HALIFAX -- In exactly two weeks, tens of thousands of Nova Scotia students will be back in the classroom for the first time since March.

"We are excited because she's found it difficult for the first few months, being alone and isolated,” said Carmen Levy, whose daughter Sadie is going into Grade 6 this year.

With the final countdown on, the president of the Nova Scotia Teachers Union is calling on the provincial government to provide parents with a detailed health and safety audit of their child’s classroom before school resumes on Sept. 8.

Paul Wozney says the health audit would provide specific details to parents, such as the number of children in the class, the square footage of the class, the amount of physical distance between students, the type of ventilation in the classroom and the number of proper hand-washing stations in the classroom.

"If you've got the data, reports like this shouldn't be hard to generate at this point in the year. The only reason why you couldn't turn these out on a short time table is because you don't actually know the answers to these questions,” he said.

Wozney says there are still a lot of unanswered questions before kids go back to school. 

"Mandatory masking is only in place from 4, Grades 4 and up, it's not in place from P-to-3; we think it needs to be,” said Wozney. “We have no idea how COVID cases are going to be identified, tracked and communicated in our schools. That's a huge issue for parents and system staff."

Even parents who plan to send their kids back to school have questions.

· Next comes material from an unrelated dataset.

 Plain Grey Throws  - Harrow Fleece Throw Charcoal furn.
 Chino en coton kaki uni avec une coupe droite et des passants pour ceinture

"Kind of wondering if anything does happen, what the protocol will be to get back to the house,” said Levy. “Making sure that they're separated enough, it's hard to get kids to keep that distance and how they're going to go about that, but I've been putting trust in the Nova Scotia government."

With a second wave of COVID-19 expected this fall, some parents plan to keep their kids home for now.

Because of health issues, Nichole Gloade has to homeschool her four children. Gloade says she has been getting no support at all.

"I'm stuck to fend on my own, with a special-needs child and three others so, I ended up having to go out at the last minute buying curriculum for them and I've even called the Department of Education here Thursday and I still haven't hear anything back from them,” she said.   

Gloade says she’s frustrated and feels government put together a plan that’s not well thought out.

"I really think that they need to get a better plan in place for people that fall into this category, like myself, and I know there's many others out there that do, there's no support whatsoever and I think that it's really unfair that the child, these children are lacking the support that they need,” she said.

Neither Chief Medical Officer of Health Dr. Robert Strang nor Education Minister Zach Churchill was available for an interview Tuesday to discuss the province’s back-to-school plan.